Du témoignage efficace

Le procédé choisi est simple mais diablement efficace. Du témoignage et seulement du témoignage. Chaque acteur de l’époque a la parole, dans une succession de paragraphes rythmés. Cela a un inconvénient: il faut un minimum connaître l’univers du porno américain et le contexte social/historique de l’époque car les auteurs remettent peu en perspective. Parfois des extraits d’articles de journaux de l’époque, la plupart du temps du Los Angeles Times, viennent toutefois nous aider.

Cela a deux immenses avantages. Le premier est que les auteurs évitent de juger, on ne pose pas la question de la morale, ce qui est habituellement la norme dès que l’on parle de porno. Comme le dit Legs McNeil dans la préface, «à l’attention de nos amis chrétiens évangélistes: désolé, nous n’avons pas tenu un discours moralisateur –mais à notre avis le porno a bien déjà été assez diabolisé».

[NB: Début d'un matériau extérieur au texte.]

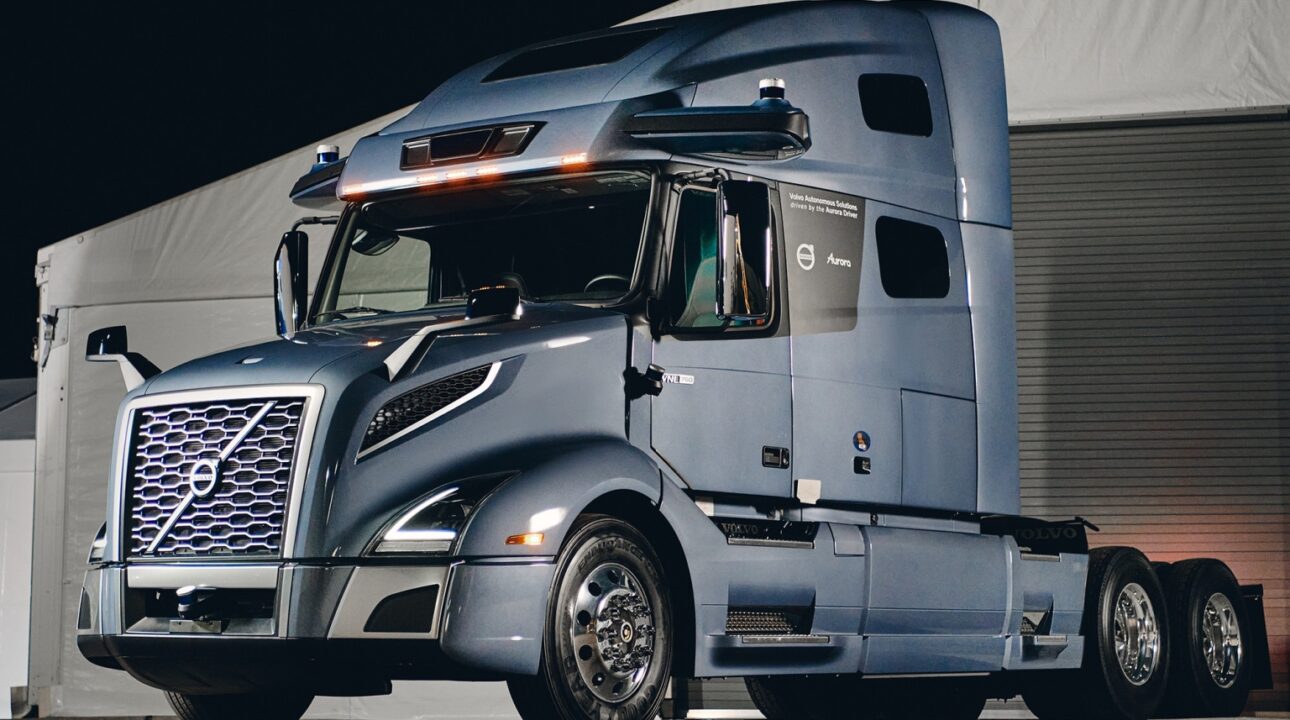 Caminhão Autônomo da Volvo – sem motorista já é uma realidade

Le second est que cela donne un livre incroyablement dynamique et vivant. On a l’impression d’être dans un roman historique un peu foutraque. Ce sentiment est renforcé par le fait que les auteurs ont rencontré systématiquement –ou retrouvé des témoignages de– plusieurs acteurs d’un même événement. Du coup, forcément, même si tous se veulent sincères, les versions varient parfois grandement.

L’exemple le plus marquant de cela est sans doute lorsque Linda Lovelace, la célébrissime actrice du film Deepthroat, raconte la fois où elle a dû jouer une scène zoophile. Dans le même temps, deux autres personnes donnent eux aussi leurs versions des faits.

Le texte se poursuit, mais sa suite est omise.